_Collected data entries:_

---

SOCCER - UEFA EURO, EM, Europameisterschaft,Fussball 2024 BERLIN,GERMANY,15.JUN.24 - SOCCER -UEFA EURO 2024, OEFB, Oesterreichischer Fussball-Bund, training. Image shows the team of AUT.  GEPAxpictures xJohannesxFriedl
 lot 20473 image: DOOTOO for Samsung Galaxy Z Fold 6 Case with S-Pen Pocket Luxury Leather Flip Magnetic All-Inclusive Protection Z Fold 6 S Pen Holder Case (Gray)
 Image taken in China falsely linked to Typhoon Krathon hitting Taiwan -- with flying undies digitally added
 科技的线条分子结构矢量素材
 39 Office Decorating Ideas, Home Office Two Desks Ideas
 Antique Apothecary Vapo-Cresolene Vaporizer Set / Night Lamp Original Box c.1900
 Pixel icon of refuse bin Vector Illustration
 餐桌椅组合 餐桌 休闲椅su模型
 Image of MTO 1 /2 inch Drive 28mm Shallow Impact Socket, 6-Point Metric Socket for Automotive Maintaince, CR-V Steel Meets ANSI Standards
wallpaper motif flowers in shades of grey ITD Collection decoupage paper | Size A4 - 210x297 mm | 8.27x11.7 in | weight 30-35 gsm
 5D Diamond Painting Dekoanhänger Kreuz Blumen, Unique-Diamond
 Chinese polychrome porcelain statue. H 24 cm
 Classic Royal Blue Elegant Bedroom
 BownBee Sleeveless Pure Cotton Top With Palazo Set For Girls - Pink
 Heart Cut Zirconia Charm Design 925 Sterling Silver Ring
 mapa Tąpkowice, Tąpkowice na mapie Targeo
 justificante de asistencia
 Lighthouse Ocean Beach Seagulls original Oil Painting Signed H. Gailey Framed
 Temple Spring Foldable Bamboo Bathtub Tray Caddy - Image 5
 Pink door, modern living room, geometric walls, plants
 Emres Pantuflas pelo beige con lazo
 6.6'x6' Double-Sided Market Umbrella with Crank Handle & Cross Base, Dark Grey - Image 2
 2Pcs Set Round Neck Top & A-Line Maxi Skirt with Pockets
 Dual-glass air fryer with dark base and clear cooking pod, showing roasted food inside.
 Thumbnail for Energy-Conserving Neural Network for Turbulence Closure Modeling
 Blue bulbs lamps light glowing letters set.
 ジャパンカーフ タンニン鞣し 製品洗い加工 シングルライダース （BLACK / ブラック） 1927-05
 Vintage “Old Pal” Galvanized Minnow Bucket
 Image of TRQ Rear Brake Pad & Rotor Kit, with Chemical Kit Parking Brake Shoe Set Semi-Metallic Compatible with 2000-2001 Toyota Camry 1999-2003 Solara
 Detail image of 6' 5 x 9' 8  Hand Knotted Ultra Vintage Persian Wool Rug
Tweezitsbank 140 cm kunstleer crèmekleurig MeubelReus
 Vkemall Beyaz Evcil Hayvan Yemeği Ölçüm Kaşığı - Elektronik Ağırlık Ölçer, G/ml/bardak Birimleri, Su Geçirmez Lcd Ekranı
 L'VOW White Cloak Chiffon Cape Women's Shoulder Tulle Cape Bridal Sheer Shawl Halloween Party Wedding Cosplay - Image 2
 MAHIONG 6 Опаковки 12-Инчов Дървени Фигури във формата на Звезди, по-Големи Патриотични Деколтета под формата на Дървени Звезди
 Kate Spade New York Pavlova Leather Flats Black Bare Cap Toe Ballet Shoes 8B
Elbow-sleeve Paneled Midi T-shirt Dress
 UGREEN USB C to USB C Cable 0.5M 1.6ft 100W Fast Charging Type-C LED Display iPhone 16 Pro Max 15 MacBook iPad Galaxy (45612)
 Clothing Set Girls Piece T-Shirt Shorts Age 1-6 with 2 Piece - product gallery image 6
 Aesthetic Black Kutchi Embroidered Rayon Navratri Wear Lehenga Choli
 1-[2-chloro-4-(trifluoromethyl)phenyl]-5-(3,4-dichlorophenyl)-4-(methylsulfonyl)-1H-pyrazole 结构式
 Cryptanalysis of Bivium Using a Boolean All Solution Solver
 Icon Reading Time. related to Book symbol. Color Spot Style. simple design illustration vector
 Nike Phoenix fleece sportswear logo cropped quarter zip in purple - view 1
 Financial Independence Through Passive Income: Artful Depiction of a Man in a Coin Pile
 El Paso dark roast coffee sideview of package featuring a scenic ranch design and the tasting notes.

---

_Exercise aim:_ Look at each line above and note whether it holds the word "Painting". Report how many do, as the number only.

_Expected answer:_ 2